I have a love/hate relationship with writing. I am pretty proud of myself when I finish a piece that I tried my best on, but I absolutely dread diving into a review. I will clean the kitchen to immaculateness, or run 12 miles on the treadmill just to avoid starting an assignment. (My average mileage equals…four.) So, the hardest guidance/mandatory requirement to swallow this semester has been to “set a schedule, and blog often. Posting with [regularity] will be tough,” an article entitled “How to Blog” declared, “you’ve got other things to do, and writing is a daunting task for most people. But blogging, like exercise, gets easier with practice.
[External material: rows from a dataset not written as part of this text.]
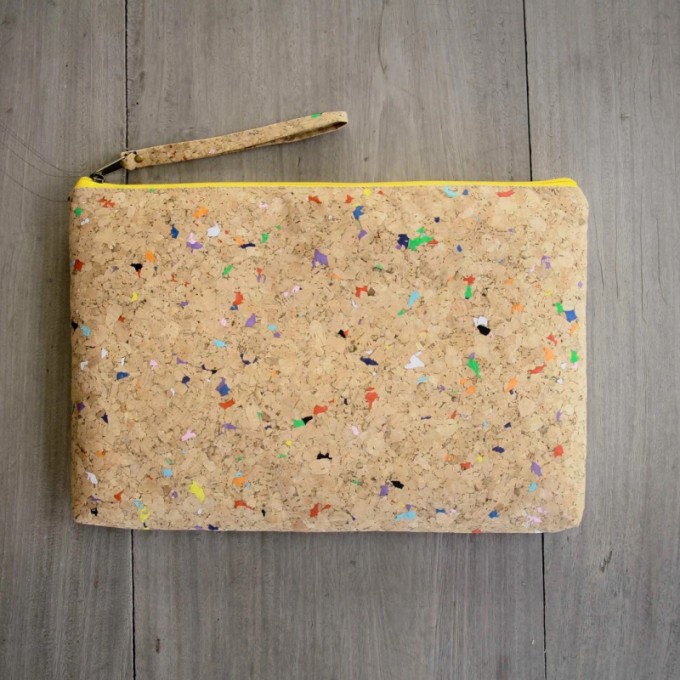 Gefütterte 13–14 Zoll Kork Laptoptasche | Nachhaltige vegan Hülle, wasserabweisende handgefertigte Tasche für MacBook Farbakzenten - & gelbem Zipper BY COPALA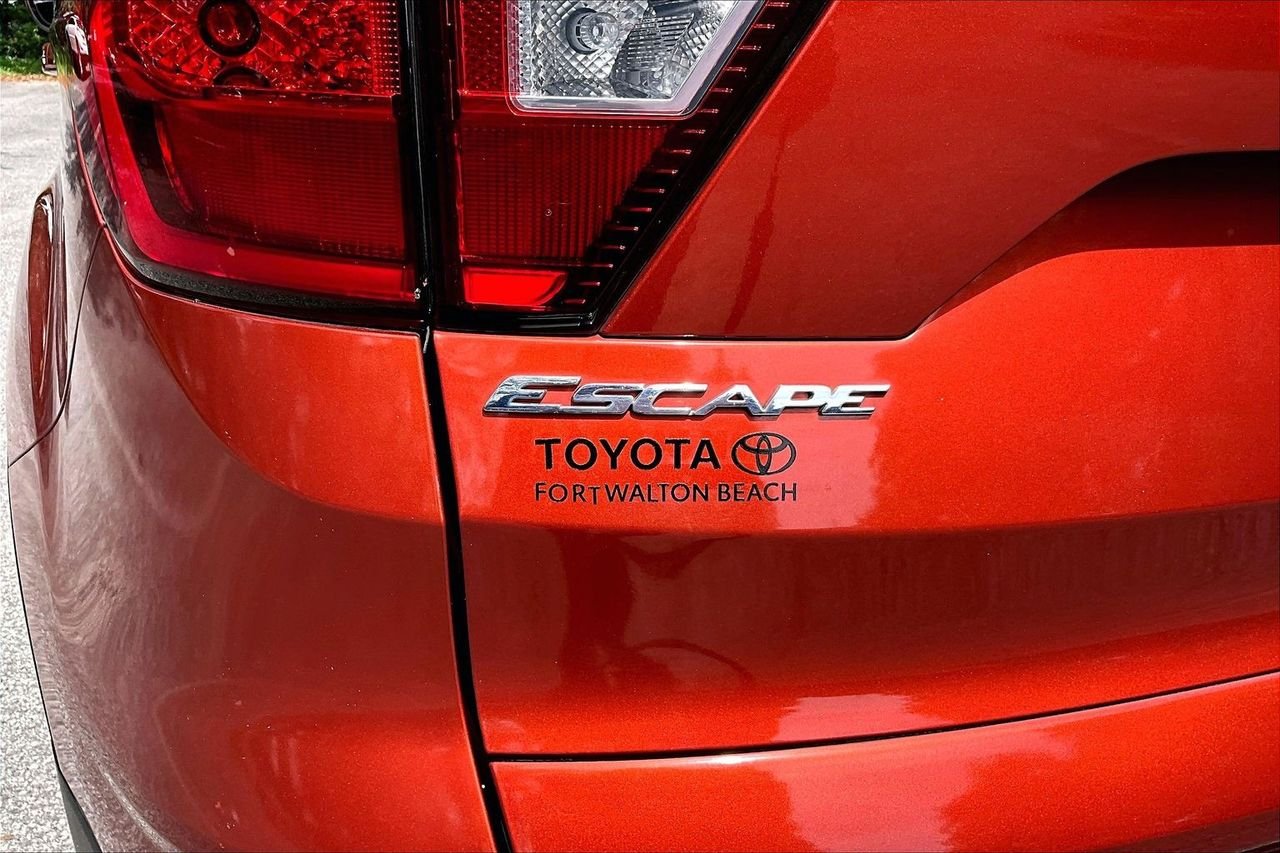 Used 2019 Orange Ford SEL image 27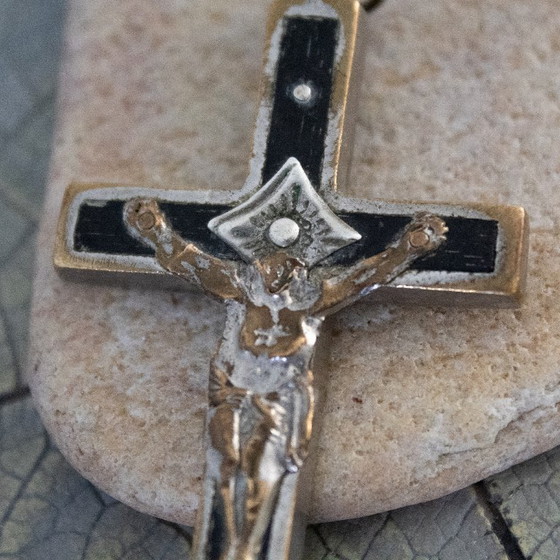 Image 1 of Pendentif croix pectorale française ancienne du XIXe siècle : ébène dans un cadre argenté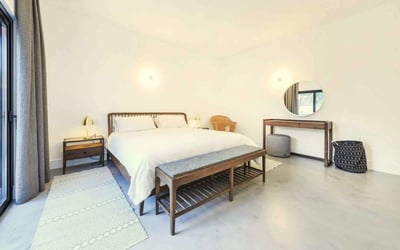 Luxury Villa Photo #16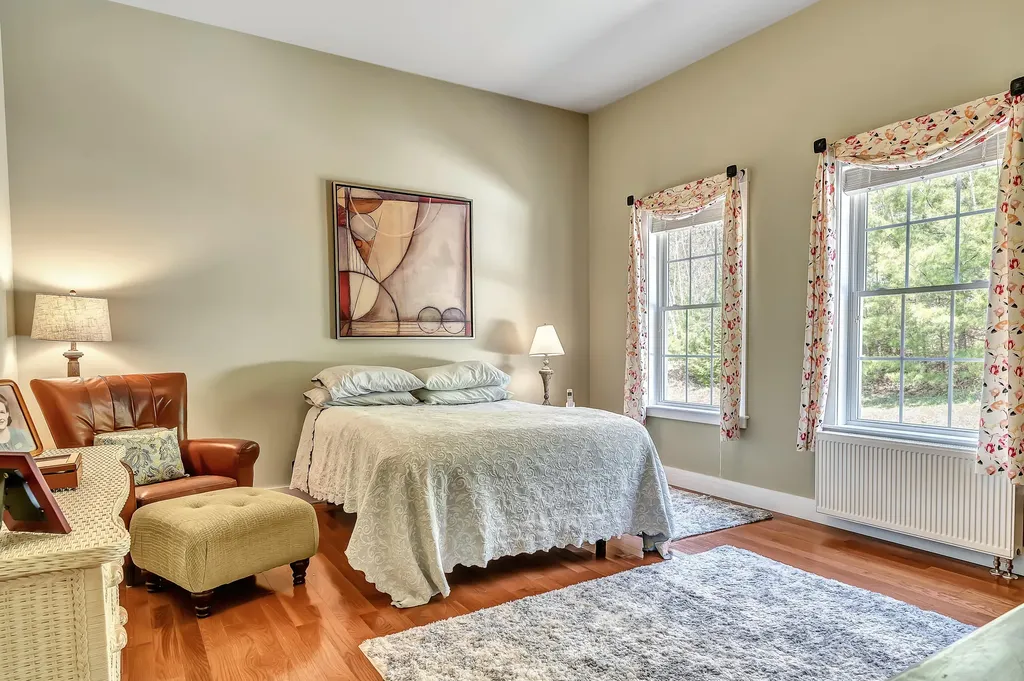 520 Benner Road Bristol ME 04539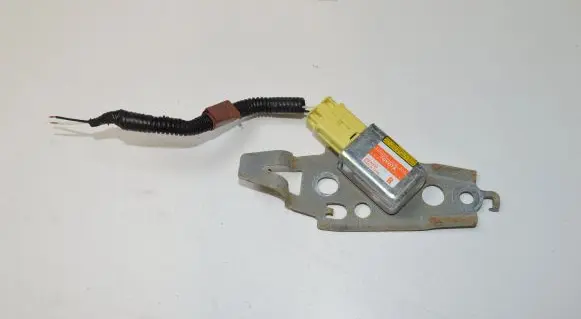 Lexus GS 300 350 430 450H Airbag deployment crash/impact sensor 8986030130 1879001751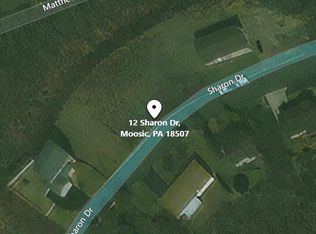 12 Sharon Dr, Moosic, PA 18507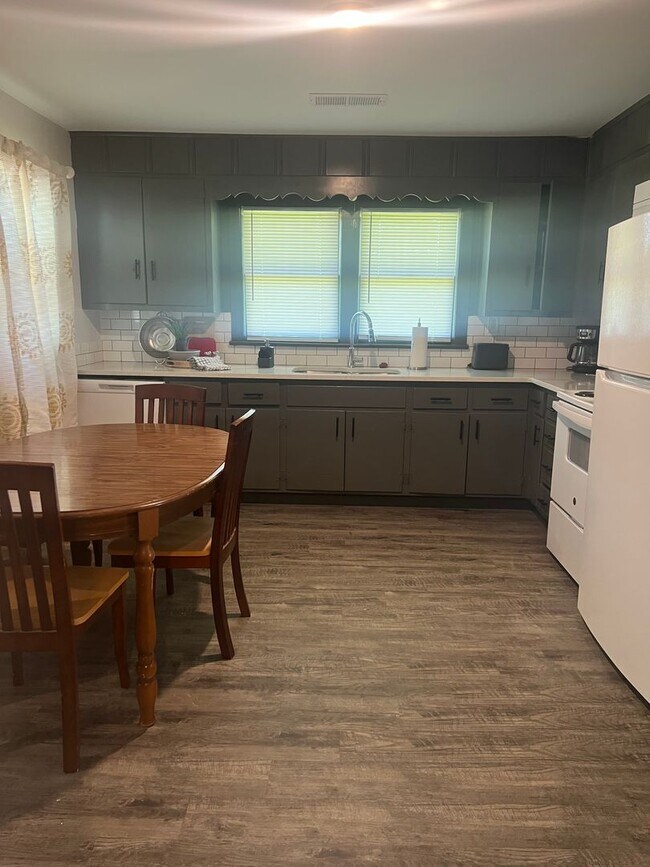 Building Photo - 4 bedroom 2 Bath - Available Now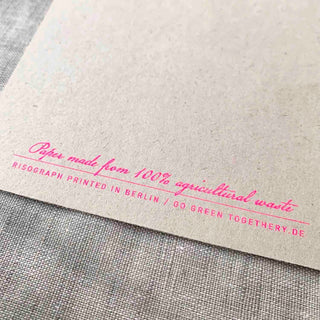 Schriftzug auf der Rückseite der Postkarte mit Logodruck von Togethery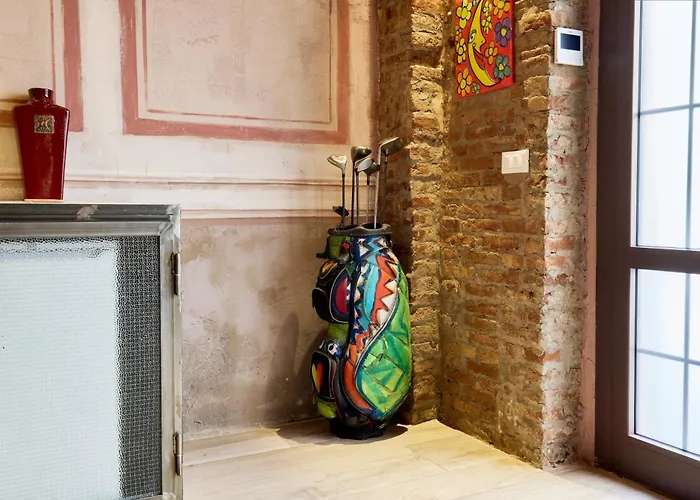 Emme Loft I Red Moon - Chic Design Loft * Milano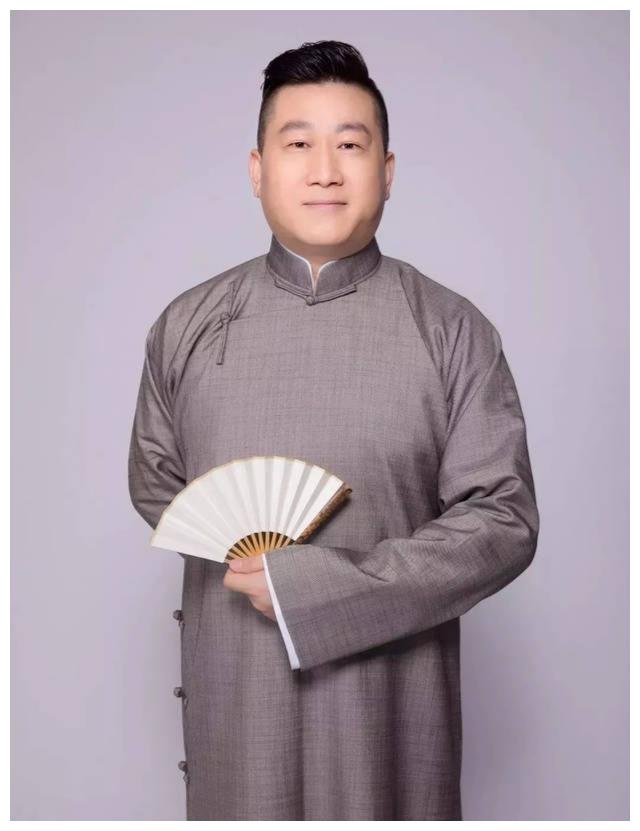 大堂经理孟鹤堂:20岁学艺,"雪藏"10年,爆火后却不为粉丝演出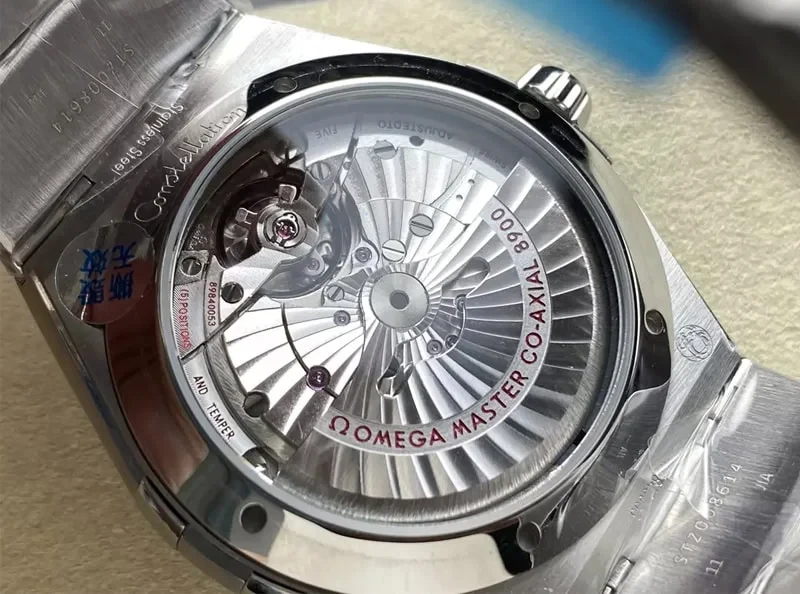 オメガ 131.30.41.21.04.001 時計コピー(8/8)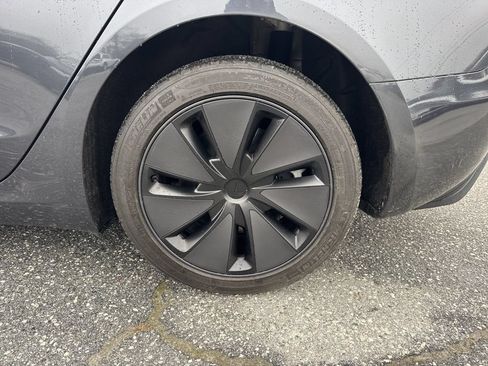 Used 2025 Tesla Model 3 Long Range RWD image 33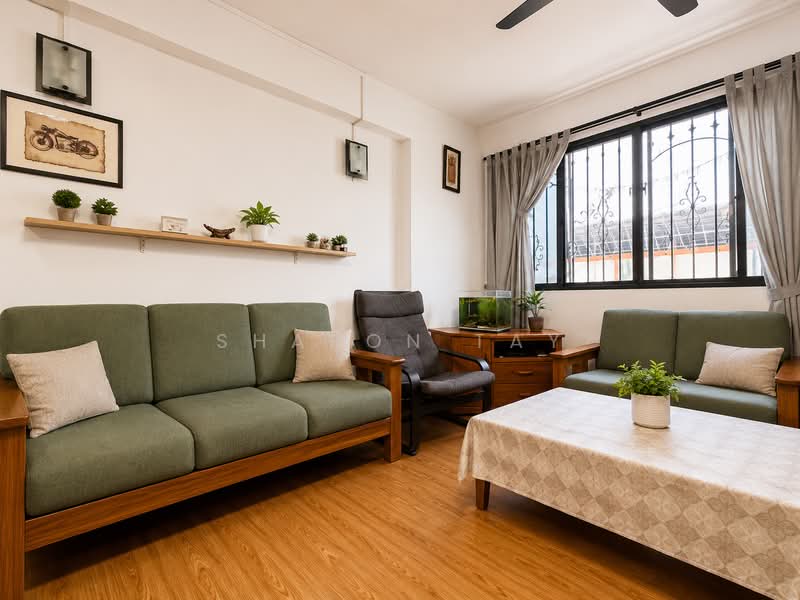 224 Lorong 8 Toa Payoh, 224 Lorong 8 Toa Payoh, 4 Bedrooms, 1,259 sqft, HDB Flat For Sale, by Sharon Tay, 500160881 - Living Room - PropertyGuru.com.sg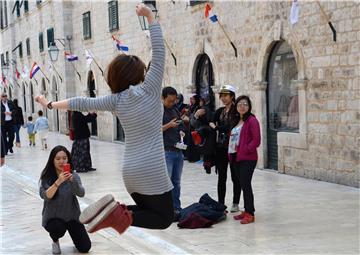 Brojni Dubrovčani i turisti uskrsno prijepodne iskoristili za šetnju i druženje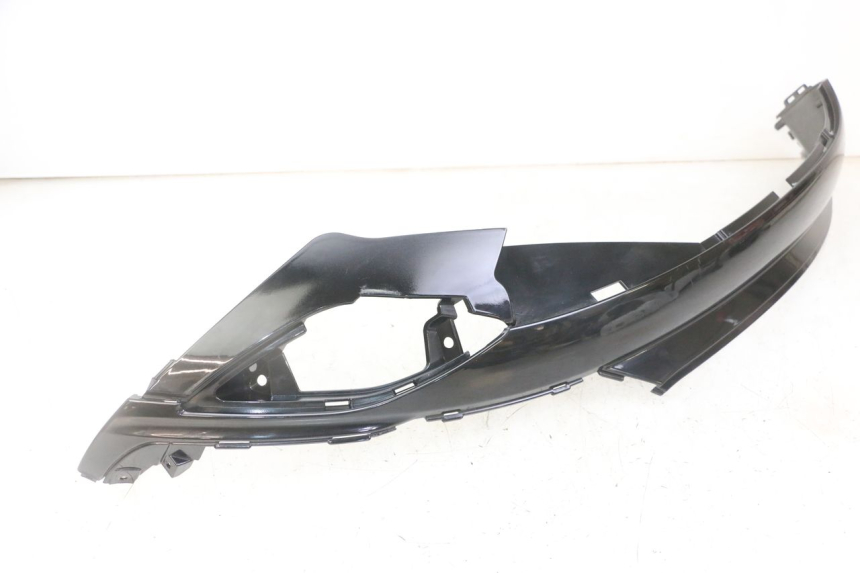 photo de AFDEKKING ONDER ZITPLAATS LINKS SYM FIDDLE 3 III 50 (2014 - 2020) - Bevestigingspunten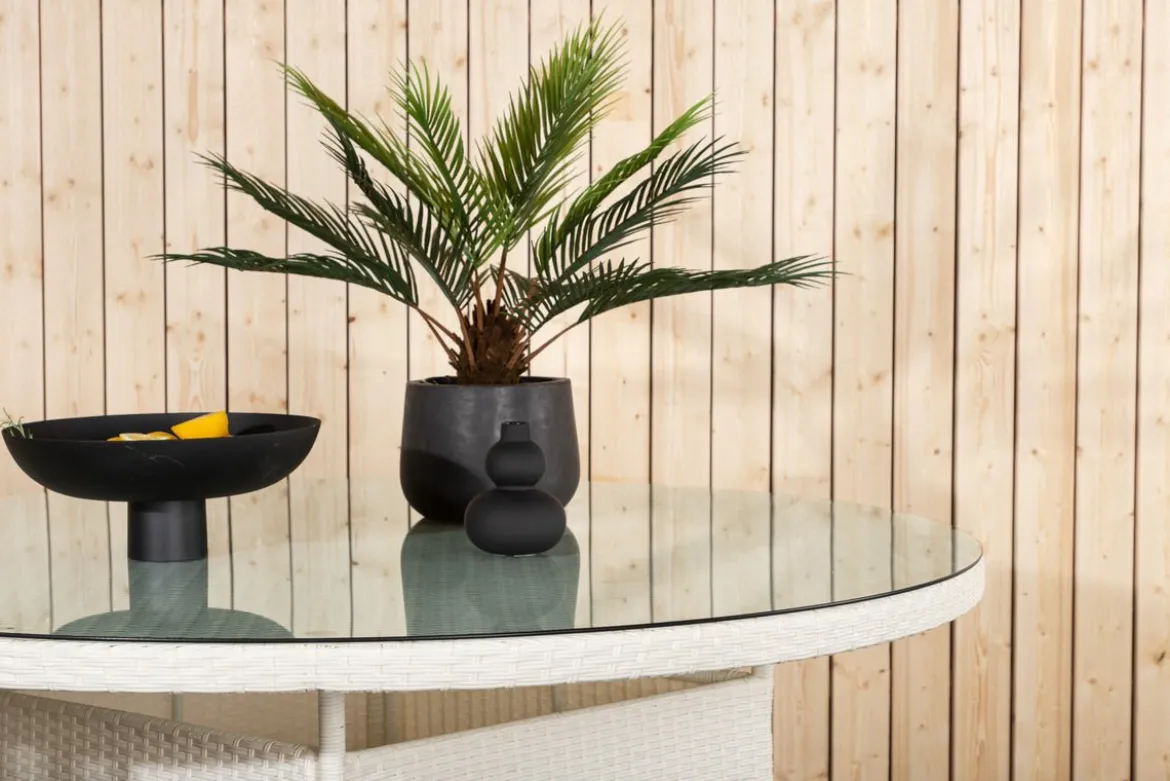 Gartentisch Eluno - das moderne Design schafft eine gemütliche Atmosphäre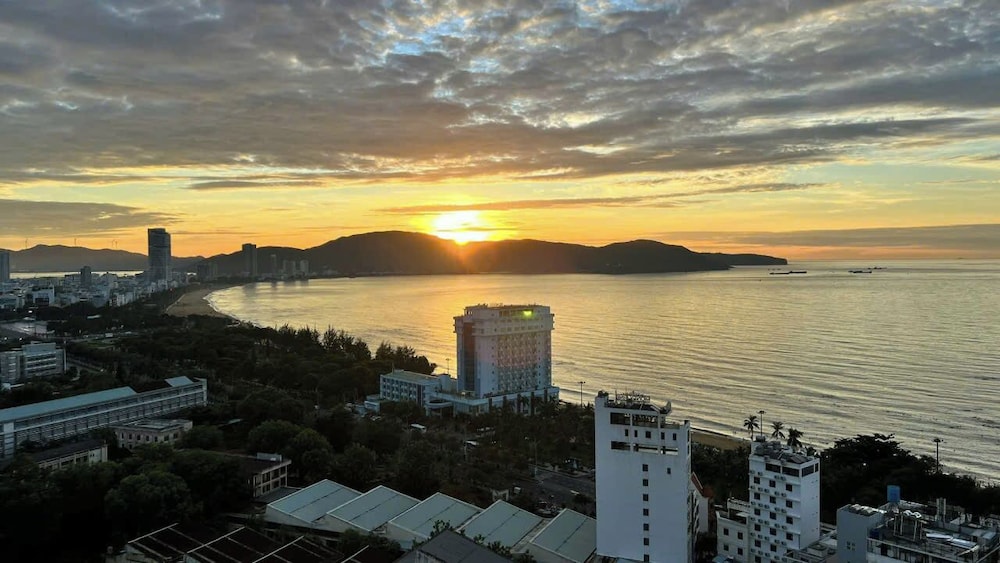 FLC Sea Tower Quy Nhon Apartment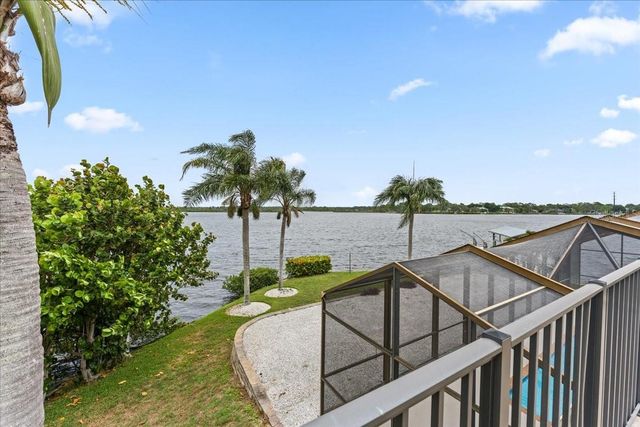 1589 MARY LANE, Tarpon Springs, FL 34689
The more often you do it, the less onerous it’ll feel, and at some point you may even grow to like it.” Writing has not become a completely torture-less endeavor, but towards the end of the semester, I wasn’t killing myself on the treadmill or scrubbing the kitchen counters nearly as much.

When starting a review, I try to give my audience a short, and hopefully interesting overview of who I am, and where I am coming from as a commentator on a exhibit, an article, a movie, etc. If I had never been to a college choir performance before, and was now about to critique my first show (like I was in my review of the Vocal Jazz Ensemble/Jazz Pop Choir concert), I think I owe it to my audience to let them know—not because my greenness to a certain topic should discredit my opinions, but because it might help to understand why I had certain observations. However, while it is important to be aware of one’s past experiences or predispositions, it’s equally important to not let these predispositions dictate a review. A review is “my take” on an event, but I should look at every event with an unbiased eye. If I’ve hated (or adored) a genre in the past, I should address this, but then make it a point to critique an event without those earlier sentiments tainting my review. As Laura Kipnis, a feminist, admitted in her essay, “(Male) Desire and (Female) Disgust: Reading Hustler,” “I have, in fact, wanted to write this essay [about Hustler] for many years, but every time I trudge out to buy the latest issue, open it and begin to try to bring analytical powers to bear upon it, I am just so disgusted that I give up, never quite sure this automatic response is one of feminist disgust or bourgeois disgust.” Her struggle (which she did overcome) to write a thoughtful piece on a subject that she has always despised, demonstrates one of the most difficult, but essential things a valued reviewer must do—examine, from all angles, the pros and cons of a piece, and why it is successful or unsuccessful to what type of audience(s) and why. As a reviewer, I believe, I must state who I think would appreciate my subject or who would not, and why—I must not simply determine whether a subject was good or bad based on my own tastes.

In my reviews, I also want to appear relatable, easy-going and friend-like to my readers, so that they feel that they can trust my experiences. But, earlier in the semester, my reviews were centered too much on me. Because, yes, I was much more comfortable writing about or parodying myself than I was evaluating external subject matter. I think I managed to tone-down this habit over time. I have tried to remember the advice given in the article “How to Blog,” which insists, “write casually, but clearly. Write quickly, and a good way to write quickly is to write as if you’re talking to a friend. Also remember that your readers want you to get to the point. Be clear, not cryptic.” I had to realize that although I might think my personal stories are amusing, a reader did not scan my review of a gallery exhibit to hear a chunk of my life story.

I feel that I grew the most as a reviewer at the previously mentioned choir concert that I attended. As I was sitting in the audience, with my notepad and pen, I started getting really excited when I became aware of little details (like the director playfully hiding the microphone from soloists), that if I was simply an attendee of the event, I would have forgot about, or probably not have detected. I started feeling like it was actually fun (not a chore) to search for details that would make my review unique.

In our class, I have learned to be an unbiased, clear, witty, and concise (but thoughtfully detailed) reviewer of the arts.